James Kent is a British television and film director. He directed the feature films Testament of Youth and The Aftermath and the TV dramas The White Queen and The Secret Diaries of Miss Anne Lister. He has also directed many documentaries, notably Chopin Saved My Life, 9/11: Phone Calls from the Towers and Holocaust: A Music Memorial Film from Auschwitz. He was nominated for the Breakthrough British Filmmaker award at the 2014 London Film Critics Circle Awards. Productions he has directed have been nominated for Golden Globe and Grierson awards and have won BAFTA and International Emmy awards.

==Early life==
Kent was born and grew up in Yorkshire. He was educated at Bootham School, a Quaker institution, and at Oxford University.

==Career==
Kent's first job was as a BBC local news journalist in Bristol. He has since directed more than 20 documentaries for the BBC. The subjects of his documentaries have included Albert Camus, Philip Larkin, John Osborne, Gianni Versace, Mozart and photography.

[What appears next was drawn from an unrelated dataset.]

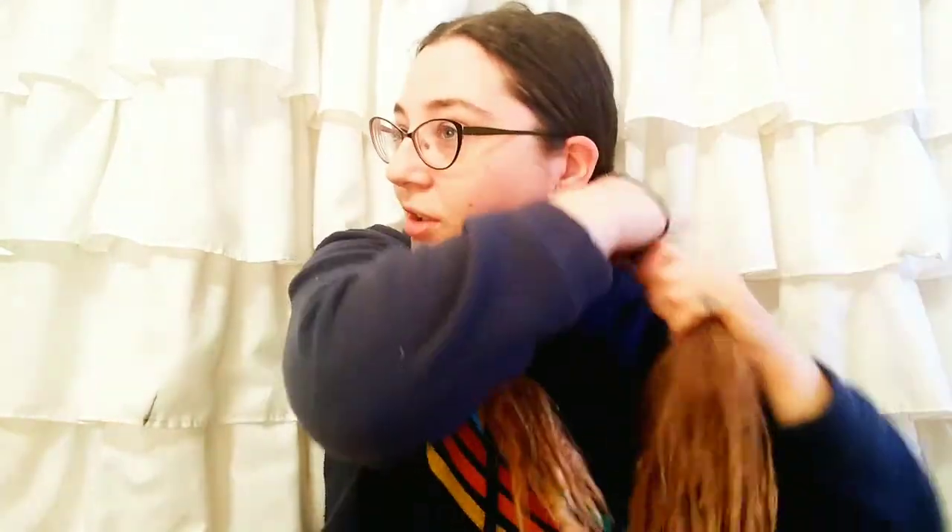I'll go ahead and show you what it looks like if you're doing it incorrectly. So that's twisting to the left and putting the twist together to the left. I'm just going to quickly put this hair tie up real quick.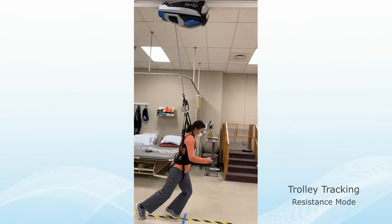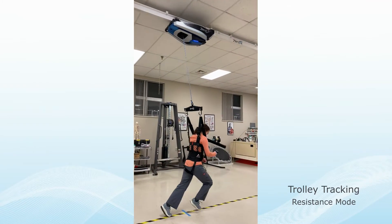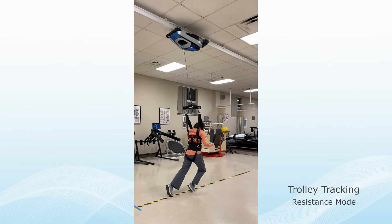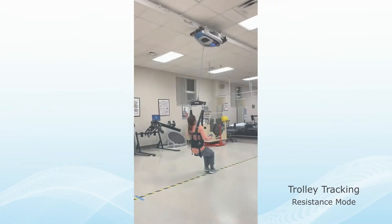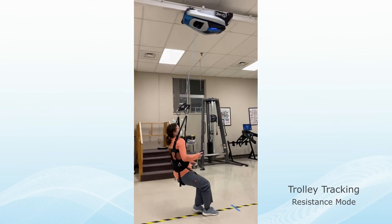In Resistance Mode, the Zero-G robot positions posterior to the subject. The clinician can customize the level of resistance to work on improving strength, balance, postural control, and endurance.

His directorial break in fiction came on EastEnders, helming three episodes which aired in January 2000. He later made a docudrama about Elizabeth David, with Catherine McCormack in the lead. In an interview in 2015, he recalled, "Panned in The Times, Elizabeth David got me offers from three agents and it was time to either take the plunge or say goodbye to drama." Since then his directing credits include Marchlands, Inside Men, The White Queen and the Richard Gere vehicle MotherFatherSon. In 2016 he directed for the television series 11.22.63.

In 2014, Kent made his debut as a feature film director with Testament of Youth, an adaptation of Vera Brittain's memoir of the First World War, which starred Alicia Vikander and Kit Harington. His second feature film was The Aftermath, which was based on Rhidian Brook's novel of that name and starred Keira Knightley. In 2022 he directed a film of Francis Poulenc’s opera La Voix Humaine for the BBC and Royal Opera House. He was also lead director of the second season of The Capture, the BBC's hit surveillance thriller starring Holliday Grainger and directed the central episodes of Showtime’s much-lauded Fellow Travelers. He directed Lost Boys and Fairies for the BBC, a three-part 2024 Bafta nominated drama about gay adoption in Wales.